Esta semana dos personas famosas por no hacer nada han dejado sus empleos. Una obligada por la visita de la parca, después de 70 años en el puesto, la otra tras solo 18 meses en su imaginario trabajo. La primera, ya habrán descubierto que me refiero a la reina Isabel II, ha sido despedida con honores y reconocimientos, la segunda, sí es Toni Cantó, con la más absoluta indiferencia. Y es que hasta para no hacer nada hay que saber hacer algo.

Cada una de ellas simboliza un tiempo y un lugar.
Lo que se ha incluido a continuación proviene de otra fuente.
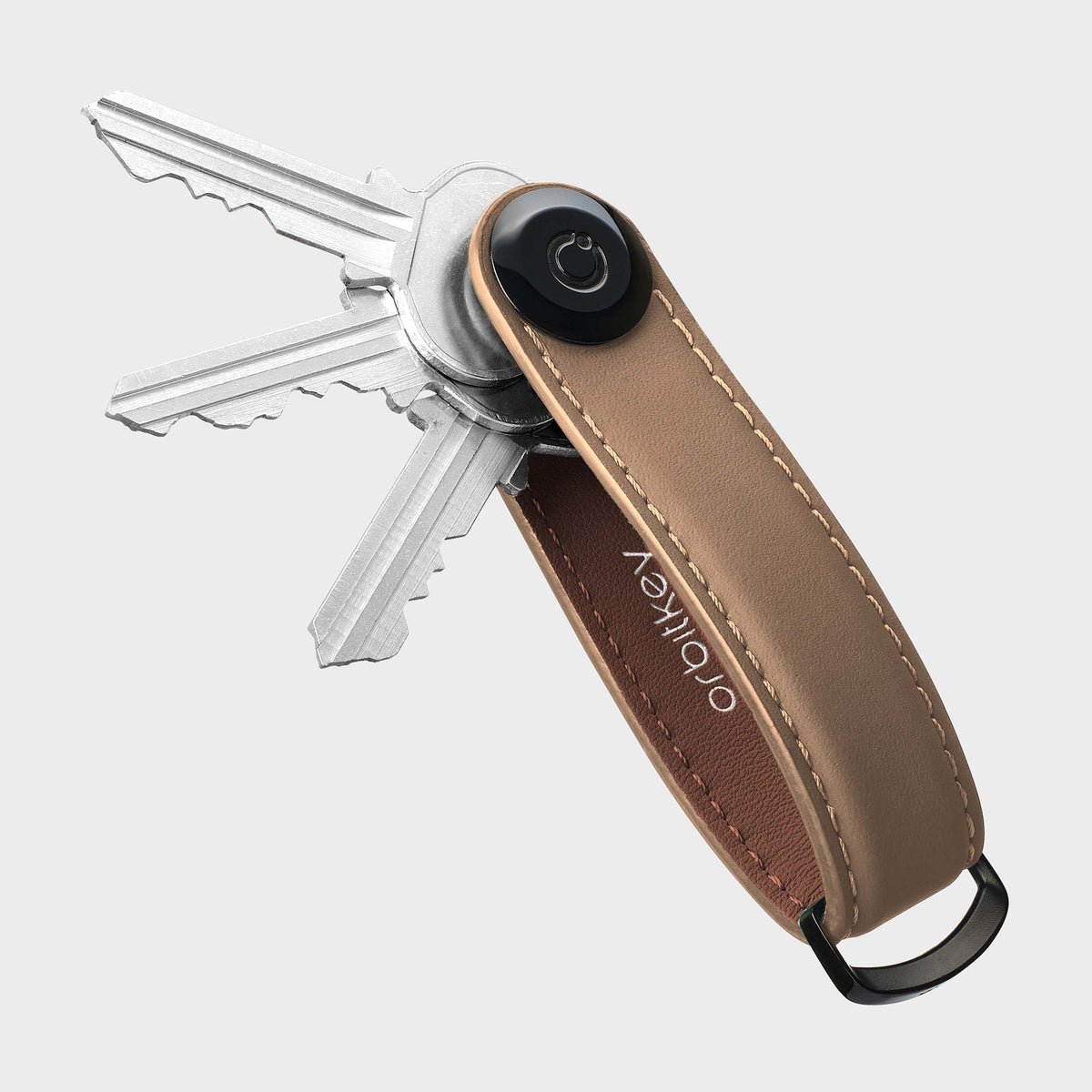 Porte clés - Cuir mocha - Orbitkey - Magna-Carta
La reina Isabel, por haber nacido en una familia real, la más irreal de las familias posibles, encarna la historia de un país que en el siglo XX vió como desaparecía uno de los imperios más grandes que han existido. El papel de la monarca, exhibiendo lujosas joyas, paseando en exhuberantes carruajes forrados de oro, sosteniendo con elegancia el dedo meñique mientras tomaba el té, era esencial para que los británicos no se dieran cuenta de que habían pasado de superpotencia a país del montón.

Fue una auténtica maestra en el arte de no hacer nada, de no decir nada (nunca concedió una entrevista), de no significarse en nada. Si el gobierno en vez de comunicar su muerte el pasado jueves, hubiera decidido embalsamarla con la mano extendida, hubiera podido seguir utilizándola indefinidamente para recibir a los sucesivos primeros ministros británicos y a las visitas internacionales de postín, sin que nadie se hubiera percatado de su obligada renuncia al cargo

El caso de Toni Cantó es completamente diferente. Es tan mal actor que no ha servido interpretar ni el papel más simple de la comedia: la estatua. Hubiera podido pasar desapercibido en su inexistente oficina del español, cobrando cada mes sus bien no ganados 6.250 €, simplemente con haber hecho bien no hacer nada, pero ha sido incapaz. Su papel era tan sencillo, que la Comunidad de Madrid, tras la marcha del cómico, ha decidido poner en su lugar a nadie, con la seguridad de que, además de salir mucho más barato, ejercerá el cargo con mayor eficacia.

Cantó, como Isabel II, también simboliza un tiempo y un lugar. El tiempo en el que los méritos son un demérito, en el que lo importante es que seas conocido y no que tengas conocimiento. Y un lugar, Madrid, donde esos nuevos valores se han confundido con una libertad, que sólo hace libres a quienes nunca jamás la han defendido.